President Javier Milei has sent documents supporting his nominations to fill vacancies on Argentina’s Supreme Court to the Senate, continuing his bid to appoint federal judge Ariel Lijo and lawyer Manuel José García Mansilla to the nation’s highest tribunal.

The files, two pairs of three pages, were sent to the upper house on Monday, said government sources.

Lijo, a federal judge, and García Mansilla, a lawyer and professor, have been proposed by President Milei to occupy Supreme Court vacancies. 

Lijo is a replacement for former justice Elena Highton de Nolasco and García Mansilla would replace current Supreme Court Justice Juan Carlos Maqueda, who is due to retire on his 75th birthday as of December 29. 

The documents are reports of the process so far and accounts of assessments of the candidates and their “technical and legal expertise of the aforementioned professional,” according to the files.

Within such procedure, “there were filings from institutions, non-governmental organisations and professional legal and academic associations; human rights organisations; unions and social organisations and renowned national and international jurists, and citizens in general, with a large number of people favourable to his proposal.”

In the case of García Mansilla, the Milei government underlined that “most opinions were in favour” of his appointment to the court. The President pointed out that they “are grounded on the proven expertise for the post in question, his career as a university professor, the many articles he has written and his renowned intellect.”

After providing details about his career and education, the Milei administration states that García Mansilla “has attested throughout his personal and professional path to his full observance of our Constitution, the democratic system, and his commitment to the defence of human rights, all of which make him a worthy applicant for a spot in the Supreme Court.

 

Lijo controversy

Lijo’s nomination has been less straightforward, with a greater number of dissenting voices.

For the Executive branch, “most opinions in his favour are based on his proven expertise for the post in question, his career in the Judiciary, his work as a university professor and his remarkable legal training and consistent specialisation in the field of Criminal Law.” 

Regarding criticism of the federal judge, the document observes that “a considerable number of them are not related to the qualities or conditions of Lijo in particular.” The government argued many of the critiques were focused on the lack of “gender balance” in the nation’s top court, which, it argued, should “preclude” Lijo’s nomination.

Some legal NGOs have sought to challenge the nominations. The INECIP Institute of Comparative Criminal and Social Science Studies this month criticised Lijo as “statistically the most inefficient judge in all [the] Comodoro Py [federal] courts,” while noting that the  García Mansilla appointment may “affect the state’s international liability” in terms of diversity and plurality.

“If the Senate were to approve him, Lijo will be in the Supreme Court until 2043. The government’s nominations fail to observe, for different reasons, the requirements to be a member of the Supreme Court,” the INECIP said in a statement. 

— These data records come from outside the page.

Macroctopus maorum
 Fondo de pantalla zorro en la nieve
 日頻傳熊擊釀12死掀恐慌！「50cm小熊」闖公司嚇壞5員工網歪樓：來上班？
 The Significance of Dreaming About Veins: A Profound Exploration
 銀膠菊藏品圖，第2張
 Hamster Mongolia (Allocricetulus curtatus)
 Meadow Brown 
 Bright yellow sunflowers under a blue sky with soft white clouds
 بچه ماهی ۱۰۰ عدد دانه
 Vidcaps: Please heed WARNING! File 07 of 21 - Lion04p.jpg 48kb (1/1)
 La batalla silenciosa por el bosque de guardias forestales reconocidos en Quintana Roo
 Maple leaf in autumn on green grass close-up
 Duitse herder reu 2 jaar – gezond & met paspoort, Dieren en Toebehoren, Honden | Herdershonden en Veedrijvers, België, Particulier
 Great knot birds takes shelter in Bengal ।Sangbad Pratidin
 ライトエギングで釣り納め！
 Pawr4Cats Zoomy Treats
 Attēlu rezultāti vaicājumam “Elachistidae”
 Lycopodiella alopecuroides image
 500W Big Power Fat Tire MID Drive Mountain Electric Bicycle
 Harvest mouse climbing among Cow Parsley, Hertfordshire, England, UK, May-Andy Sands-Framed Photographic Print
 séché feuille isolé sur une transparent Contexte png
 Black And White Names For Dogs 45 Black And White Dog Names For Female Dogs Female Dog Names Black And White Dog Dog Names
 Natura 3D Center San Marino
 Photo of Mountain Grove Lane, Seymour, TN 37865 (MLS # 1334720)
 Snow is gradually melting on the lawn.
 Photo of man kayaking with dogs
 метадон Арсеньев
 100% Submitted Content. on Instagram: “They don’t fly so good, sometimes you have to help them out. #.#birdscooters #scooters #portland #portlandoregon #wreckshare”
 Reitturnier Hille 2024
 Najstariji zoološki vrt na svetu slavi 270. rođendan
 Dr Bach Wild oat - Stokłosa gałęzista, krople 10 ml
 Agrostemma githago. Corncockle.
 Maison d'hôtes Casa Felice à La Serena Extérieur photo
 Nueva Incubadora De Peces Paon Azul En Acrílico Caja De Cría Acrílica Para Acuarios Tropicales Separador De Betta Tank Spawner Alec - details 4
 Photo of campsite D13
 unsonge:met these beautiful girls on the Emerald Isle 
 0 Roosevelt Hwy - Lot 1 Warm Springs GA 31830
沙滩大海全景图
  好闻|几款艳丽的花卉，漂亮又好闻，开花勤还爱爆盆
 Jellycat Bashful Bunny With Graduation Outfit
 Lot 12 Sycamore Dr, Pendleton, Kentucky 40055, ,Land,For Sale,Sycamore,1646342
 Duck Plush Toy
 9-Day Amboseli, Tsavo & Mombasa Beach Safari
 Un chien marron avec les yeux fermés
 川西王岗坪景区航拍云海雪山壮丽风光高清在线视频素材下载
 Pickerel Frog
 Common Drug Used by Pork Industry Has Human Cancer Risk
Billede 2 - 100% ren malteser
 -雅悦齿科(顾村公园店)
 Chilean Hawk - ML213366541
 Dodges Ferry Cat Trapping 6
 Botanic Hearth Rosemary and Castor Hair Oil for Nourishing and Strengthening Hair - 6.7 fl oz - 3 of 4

“A quality democracy warrants a quality judiciary,” which should include “expertise, integrity, independence, commitment to human rights and diversity,” it added, stating that the duo do not “meet these requirements.”

INECIP accused Lijo of “poor performance” and noted “systematic delays in the resolution of high-profile court cases, and in particular, corruption ones.”

“Whether due to inefficiency or, as reported by the Council of the Magistrates, due to political usage of court timing, those systematic delays in serious cases are unacceptable for a candidate for the highest court,” said the NGO, highlighting that Lijo had the most delays when it comes to corruption cases, with most investigations lasting at least six years.

It further warned that Lijo “has criminal complaints against him and reports of poor performance, which are unbecoming of a candidate for the Supreme Court.”

“There are no prior cases in the recent democratic history of this country of judges appointed to the Supreme Court with such a volume of reports against them. The Executive Branch ought to suspend the submission of documents on Lijo,” said the NGO.